@GenG congrats on 3 weeks
@DryIn785 welcome back
@Mno keep going indeed, friend. I’m sorry about how you felt after therapy this week, and how alone you felt. Here, you are never alone thank you for sharing, sending love 🩵
@Juli1 so glad you are feeling better each day congrats on double digits
@SoberWalker your ring looks awesome how cool to have made it yourself too!
@Butterflymoonwoman I’m sorry you’re having these dreams so often I have then too, even after coming up on 3 years of no drinking, in my dream the other night, I drank. Usually in my dreams everyone else is using but I’m sober, so it was quite disturbing that one. I don’t know if they will ever stop, our minds will always be sorting through and filing all sorts of memories from our lives and experiences.
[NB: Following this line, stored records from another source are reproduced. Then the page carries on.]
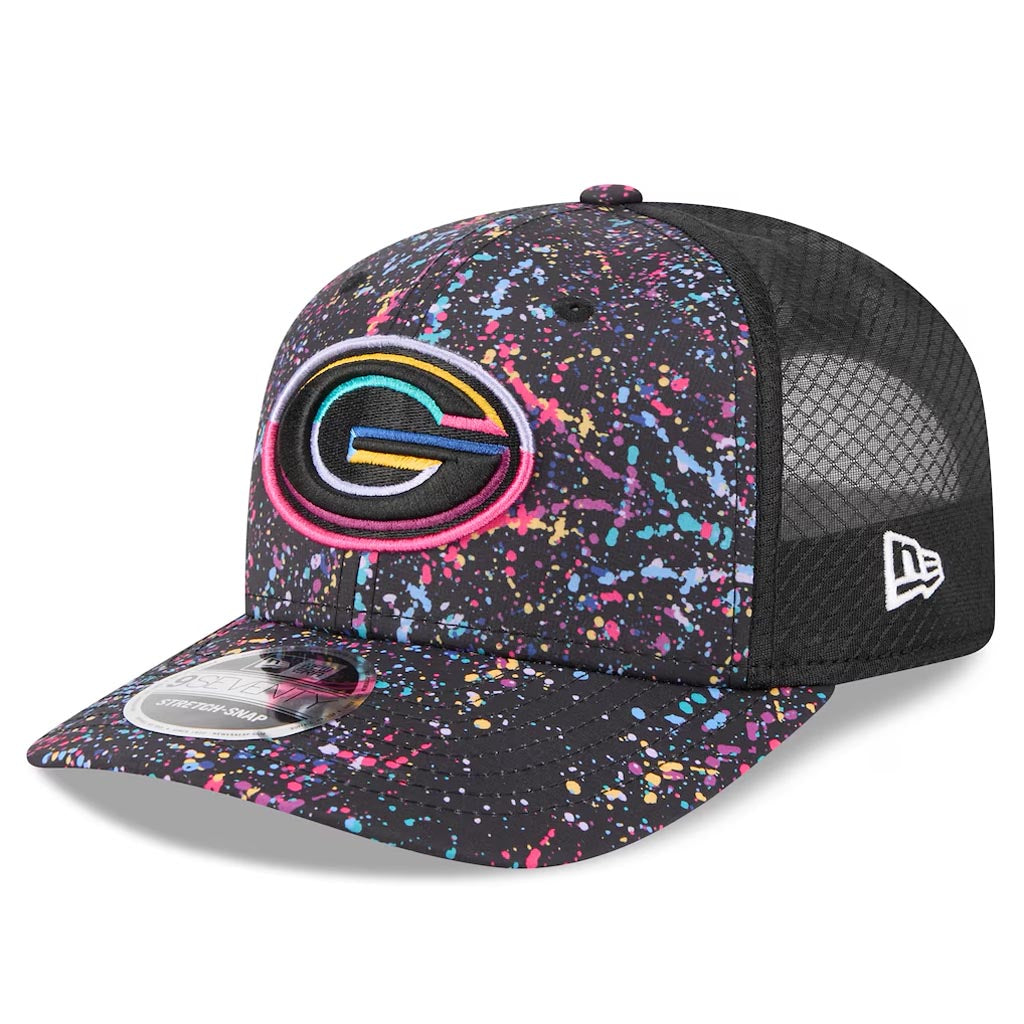 NFL Green Bay Packers New Era 2025 Crucial Catch 9SEVENTY Stretch-Snapback Hat - Black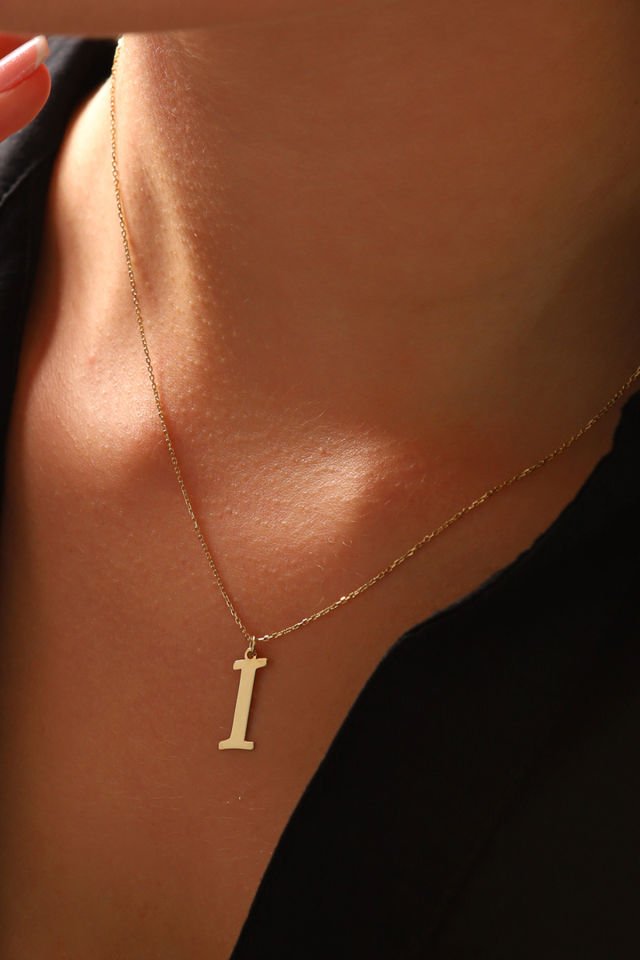 PRENSES PIRLANTA Kadın 14 Ayar Altın Harf Kolye El işi A & Z Harfi Altın Kolye Zincirli Harf Kolye 42 Cm I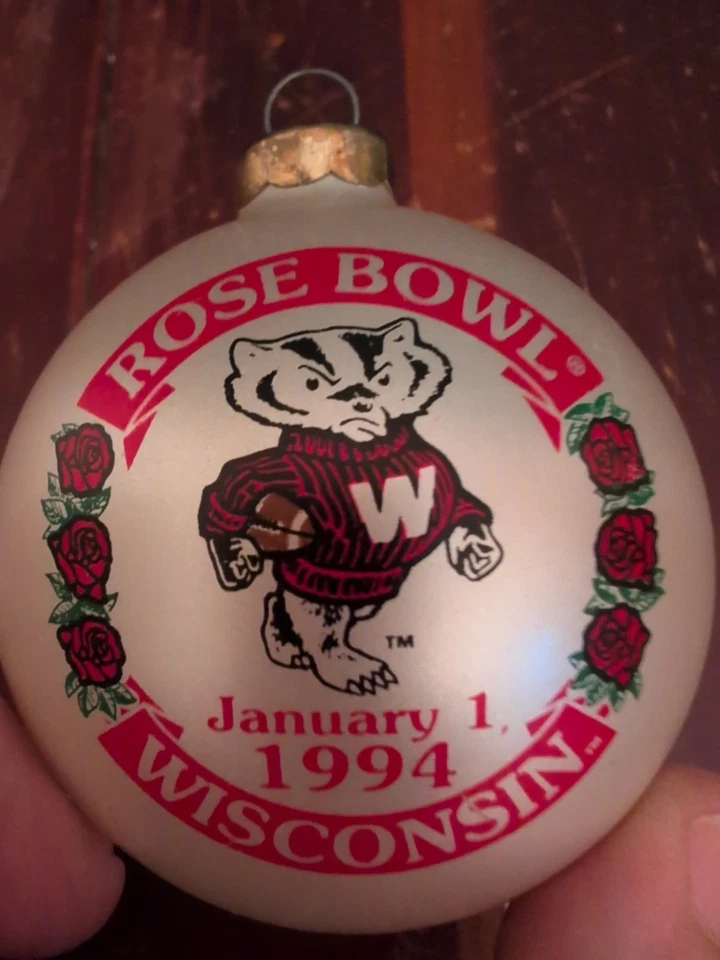 Wisconsin Badgers Football Rose Bowl Christmas Ornament 1984 January 1 READ 👇 - Image 3 of 4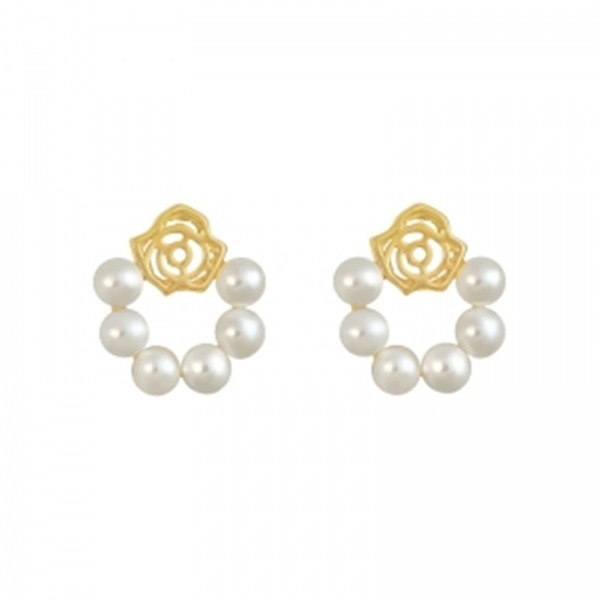 Bulk Jewelry Wholesale white alloy petal pearl stud earrings JDC-ES-RL163 Wholesale factory from China YIWU China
I know for me, my addiction experience was traumatic, so nightmares are to be expected, in a PTSD sense, so I’m hoping that when I get the right therapy, that may help. 🩵
@Catmama23 I’m sorry about the panic attack but congrats on 60 days
@Twizzlers I’m sorry about your trauma nightmare I do find mine can be worse in the daytime too, your theory may be right. 🩵
@mx_elle sending strength 🩵
@Its_me_Stella congrats on 2 years no SIB
985 days no alcohol.
450 days no cocaine.
72 days no vape.
TW: mentions binge-eating, disordered eating, food.
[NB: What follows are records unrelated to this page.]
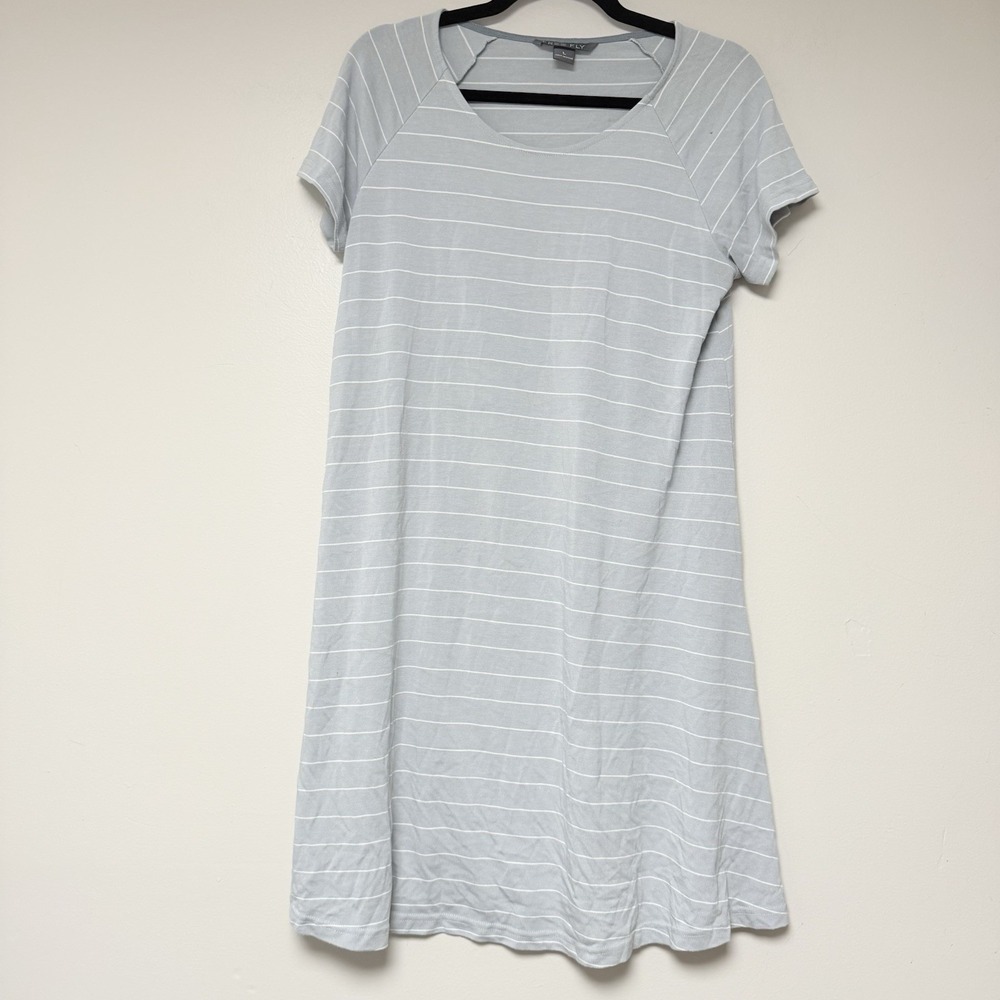 Free Fly Apparel Light Gray Striped Dress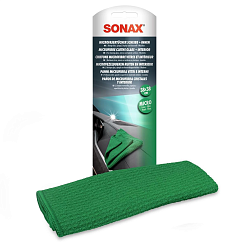 Салфетка из микрофибры для стекла и интерьера 38х38 см SONAX MicrofaserTuch Scheibe+Innen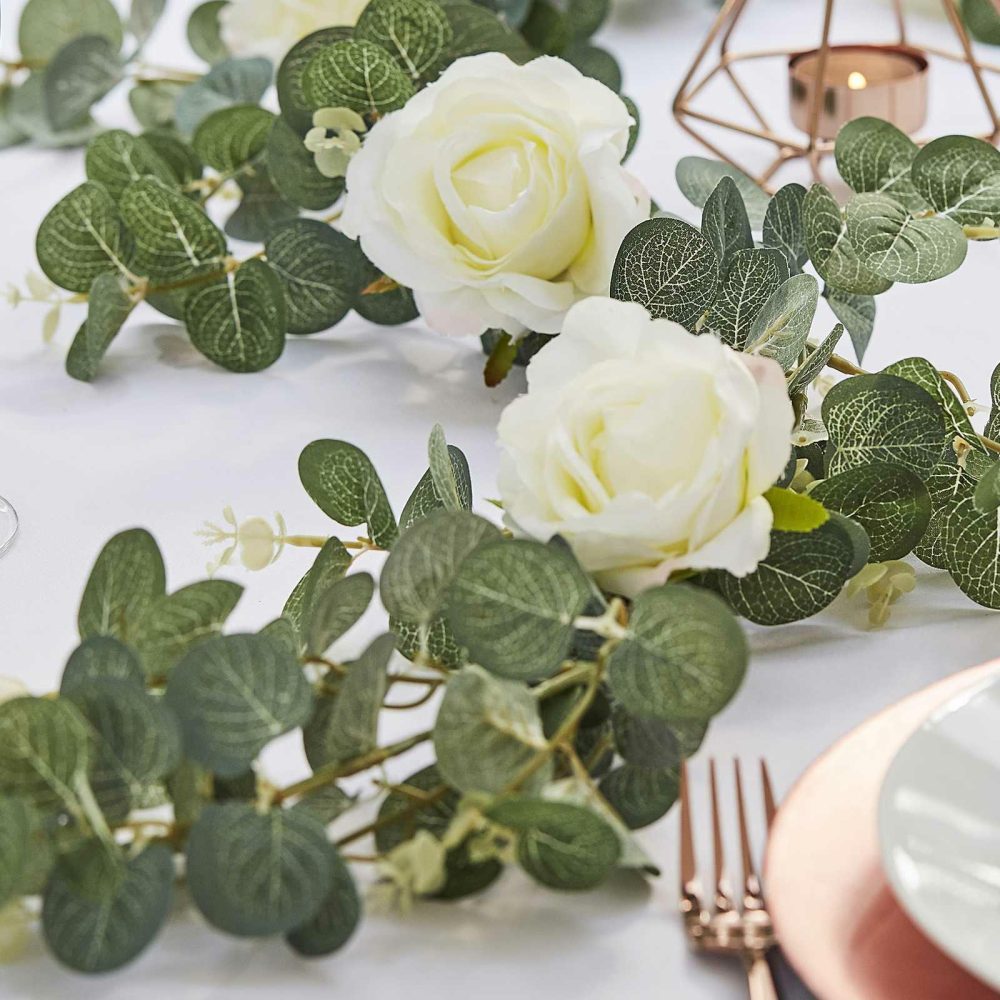 Flowers & Foliage |   Artificial Eucalyptus Garland With White Roses Flowers & Foliage Flowers & Foliage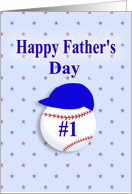 Happy Father’s Day,#1, Baseball with Blue Cap card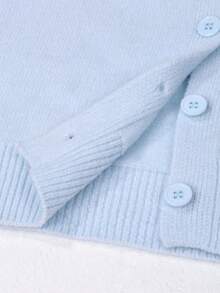 Women's Light Blue Cardigan Sweater, Round Neck Basic Style, Front Button Design, Comfortable Soft Medium Stretch, Suitable For Autumn And Winter Wear - Light Blue - View 5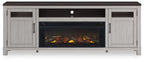 Darborn - 88" TV Stand With Electric Infrared Fireplace Insert - Gray / Brown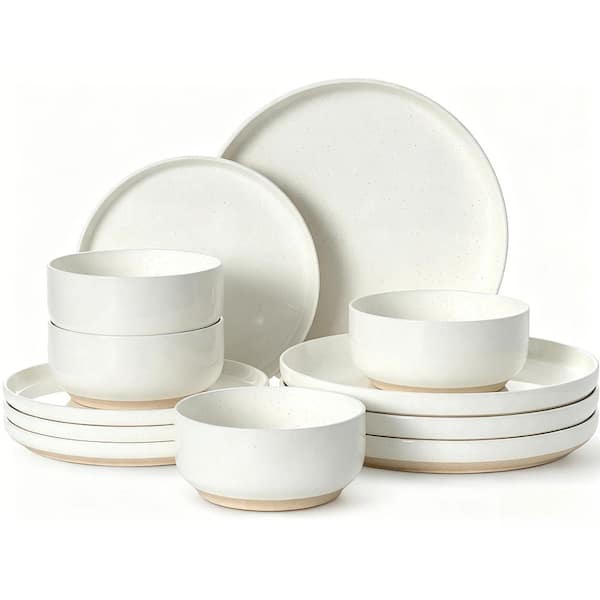 12-Piece Speckled Cream White Porcelain Scratch Resistant Dishes Plates Bowls Kitchen Set (Service for 4)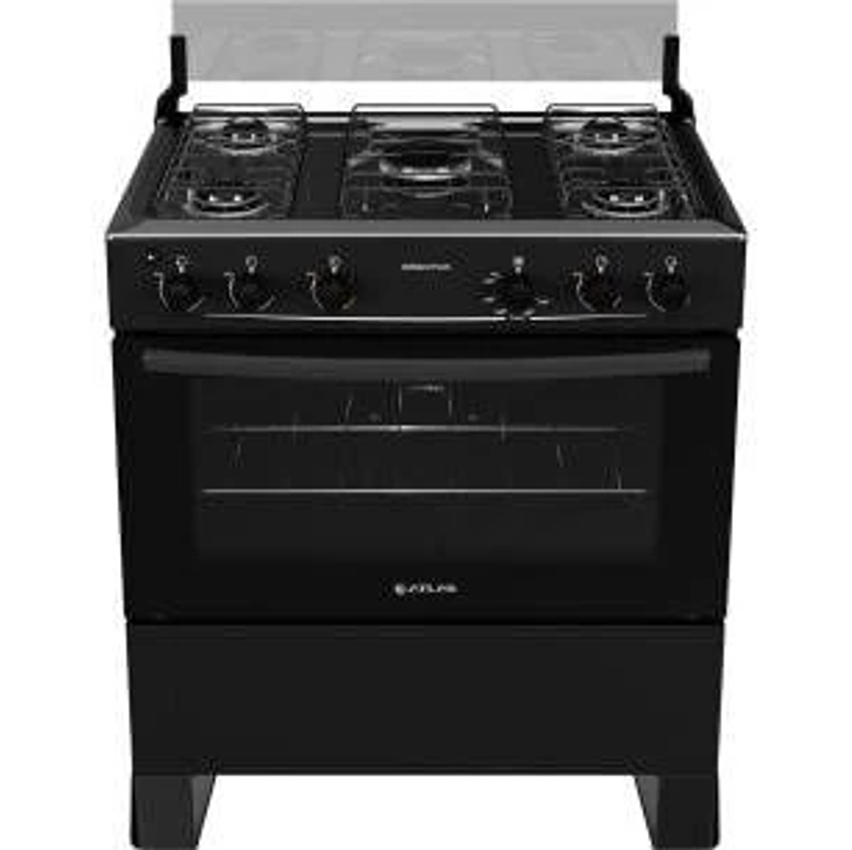 Fogão 5 Bocas Atlas Mônaco Plus Preto com Mesa Inox - Bivolt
Well, with my ready meals delivery, I also bought a 1.1kg bag of no added sugar museli, thinking surely I wouldn’t binge that, but within 24hrs it was gone.
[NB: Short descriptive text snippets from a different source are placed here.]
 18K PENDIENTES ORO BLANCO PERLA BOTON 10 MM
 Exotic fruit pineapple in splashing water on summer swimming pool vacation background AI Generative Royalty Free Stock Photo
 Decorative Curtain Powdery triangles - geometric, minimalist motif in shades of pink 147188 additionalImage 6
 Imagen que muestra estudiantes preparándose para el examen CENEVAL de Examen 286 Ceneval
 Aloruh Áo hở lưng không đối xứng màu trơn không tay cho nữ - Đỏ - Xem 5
Had my first ready meal this evening, and it was nice to eat a proper meal. But I have been hunting for food I can eat ever since I ate, and craving something sweet, specifically apple pie and custard, but I must resist. This is the problem with eating real food, I just want more and more, like with drugs. I hope the desire for more dies down over time, but we shall see, and if not, I will stick to just the shakes.
I was awake until 1:30am catching up here, so I slept late this morning, and I had very low energy today. I managed my ‘morning’ walk around 4pm, but I had no energy for my PM walk, and also my knees were randomly hurting a lot while I was out earlier. My body is so unpredictable/unreliable.
Planning an early night tonight so I can get back to my routines. -I did achieve this, but woke up at 1am so thought I’d finish my check-in.
I hope you’re all having wonderful sober weekends.